It may surprise you to learn that there are several different types of business loans that cater to specific needs or certain kinds of businesses.

What are the types of business loans – or other kinds of financing – available to you, and what is the best type of loan for your business? In this post, we'll have a look at a handful of the most common lending instruments that can help your business get rolling.

What Are the Different Types of Lending?

There are many different ways to finance your business. Let’s look at the top 11:

1. Term Loan

The term loan is perhaps the most basic, common, and flexible small business loan. It's simply an amount of cash issued in a lump sum that the borrower repays over a fixed amount of time, usually in monthly installments. Term loans can be used for virtually any aspect of your small business, including equipment, marketing, or everyday expenses.

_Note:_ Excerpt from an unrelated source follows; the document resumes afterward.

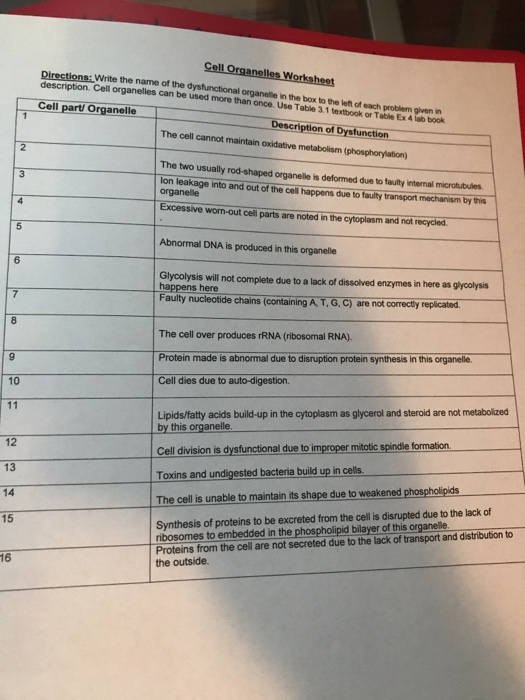 cells and organelles worksheet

Term loans are beneficial because they can usually be issued quickly – sometimes as soon as one day. Interest payments on term loans are also tax-deductible, and the term can be extended if needed. One downside is that you’ll probably be expected to put up an asset for collateral, which can be seized if the loan defaults. 

2. Business Line of Credit

This setup is essentially a business credit card, minus the card. Usually linked to a checking account, a business line of credit comes with a limit set by the issuing bank. A business can borrow money up to that limit. After the borrower repays the debt, they can again take out cash against that limit.

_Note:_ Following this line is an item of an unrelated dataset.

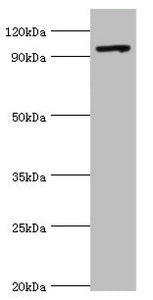 Western blot | All lanes: TAF1C antibody at 2μg/ml + 293T whole cell lysate | Secondary | Goat polyclonal to rabbit IgG at 1/10000 dilution | Predicted band size: 96, 85, 59, 50, 93 kDa | Observed band size: 96 kDaRabbit anti-Human TAF1C Polyclonal Antibody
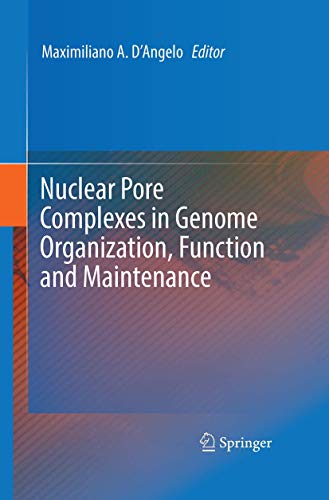 Nuclear Pore Complexes in Genome Organization, Function and Maintenance view 2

A business line of credit is great when the owner isn’t sure exactly how much money they need. That’s because interest is charged only on the amount they withdraw, unlike a term loan where interest applies to the total amount.

A business line of credit is usually unsecured, so collateral isn't needed. However, it can be hard to qualify for one, and the low interest rates can be offset by extra fees. A line of credit can be useful to get through cashflow crunches if you resist the urge to overuse credit. 

3. Small Business Administration (SBA) Loan

SBA loans are backed by the government. They’re attractive to many business owners because of their relatively low cost and interest rates compared to other types of small business loans. SBA loans can be utilized for most business purposes, including start-up, capital, equipment, inventory, real estate, and more.

The biggest downside to an SBA loan is the drawn-out application and approval process, which can extend up to three months before you receive funds. It’s therefore not appropriate for emergency needs, but if you can wait for approval, you’ll enjoy the security and cost savings of an SBA loan.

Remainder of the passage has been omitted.